The U.S. roster may be one of its worst in recent history, but the unpredictability that brings should make the team’s 2019 FIBA World Cup run its most fascinating international competition since the Redeem Team

Getty Images/Ringer illustration

Team USA won all eight games it played at the 2016 Summer Olympics in Rio de Janeiro. The squad claimed its third straight Olympic gold medal by drilling Serbia—which had given the U.S. quite a scare in the preliminary round—by 30 points in the tournament final. Kevin Durant scored 30 points in the gold-medal game, tied for the third most in a single game in Team USA history; two more performances worthy of the top five were also authored by ’16 members. Overall, the U.S. outscored its opponents by an average of 22.5 points per game, continuing America’s dominance as the world’s premiere basketball superpower.
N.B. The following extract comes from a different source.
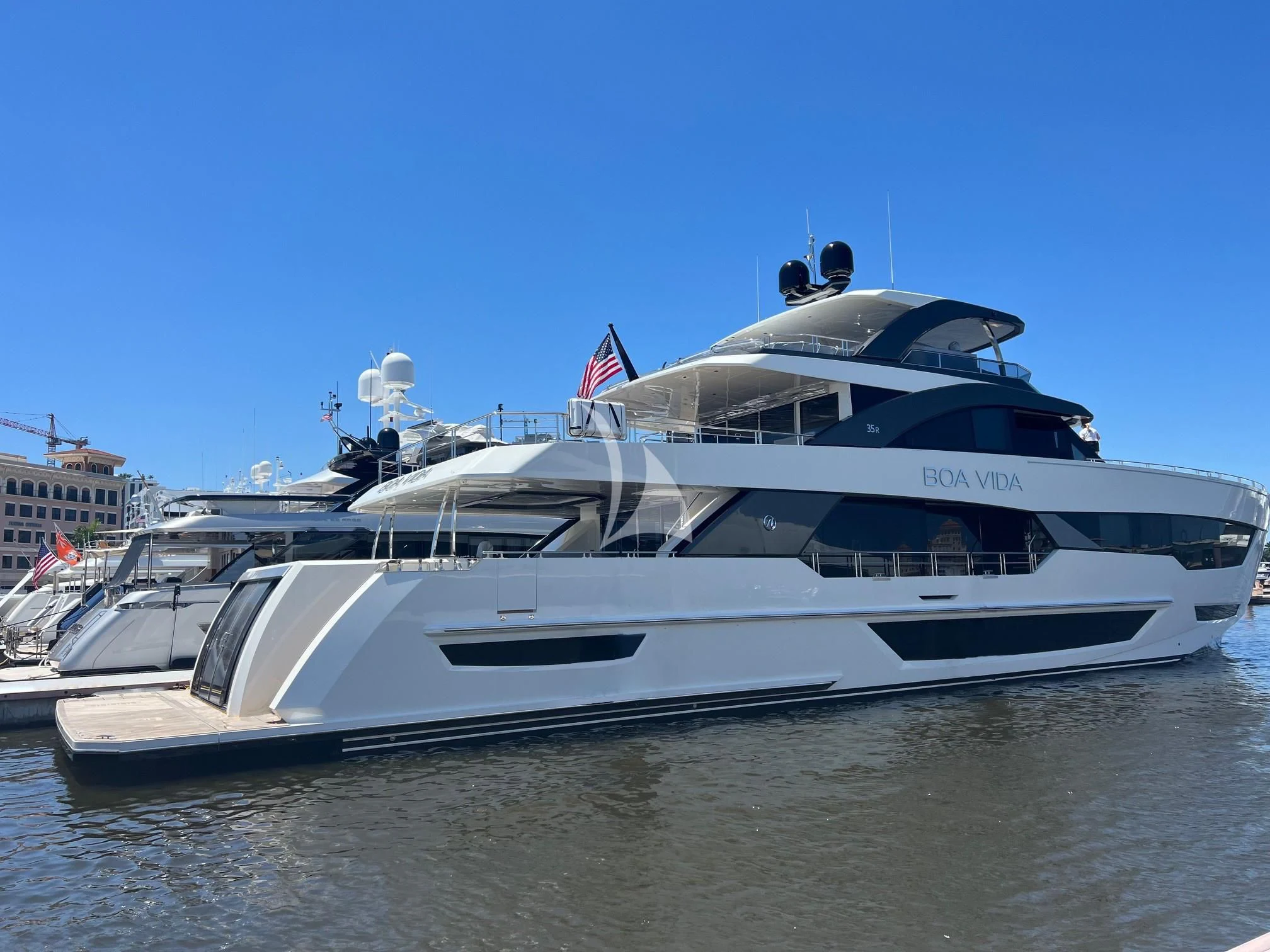 a large white yacht aboard BOA VIDA Yacht for Sale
And yet, basketball fans tend to remember that team—when we remember it at all, that is—as something of a shoulder-shrug.

See, the previous edition, which won gold at the 2014 FIBA World Cup, won its nine matchups by an average of 33 points per game. That just outpaced the 32.1 points per game by which the 2012 team smoked the competition at the London Olympics. The 2010 FIBA World Championship team featured no established superstars, relying almost entirely on early-20s talents who hadn’t yet taken The Leap; their average margin of victory was still 24.6. That was down from 27.9 for the 2008 Redeem Team, the star-studded collective intended to restore the established order of things after the fat-and-happy U.S. lost an unthinkable seven games in a three-tournament run from 2002 through 2006 that included two bronze medals and a (gulp) sixth-place finish.

Winning gold isn’t enough. Staying undefeated isn’t enough. Hell, an average margin of victory of 22.5 points per game isn’t enough. Every U.S. side lives in the shadow of the Dream Team, with mind-bending dominance expected and anything short of that deemed a disappointment. After a staggering spate of withdrawals, this year’s Team USA will take the court in China this weekend at the FIBA World Cup with one All-NBA performer, two All-Stars, and a slew of young players without experience in international competition. They will also arrive with more questions than answers, especially after Friday’s 98-94 defeat at the hands of Australia in a World Cup tune-up, marking the first loss by a U.S. team featuring NBA players, exhibition play or otherwise, since September 2006.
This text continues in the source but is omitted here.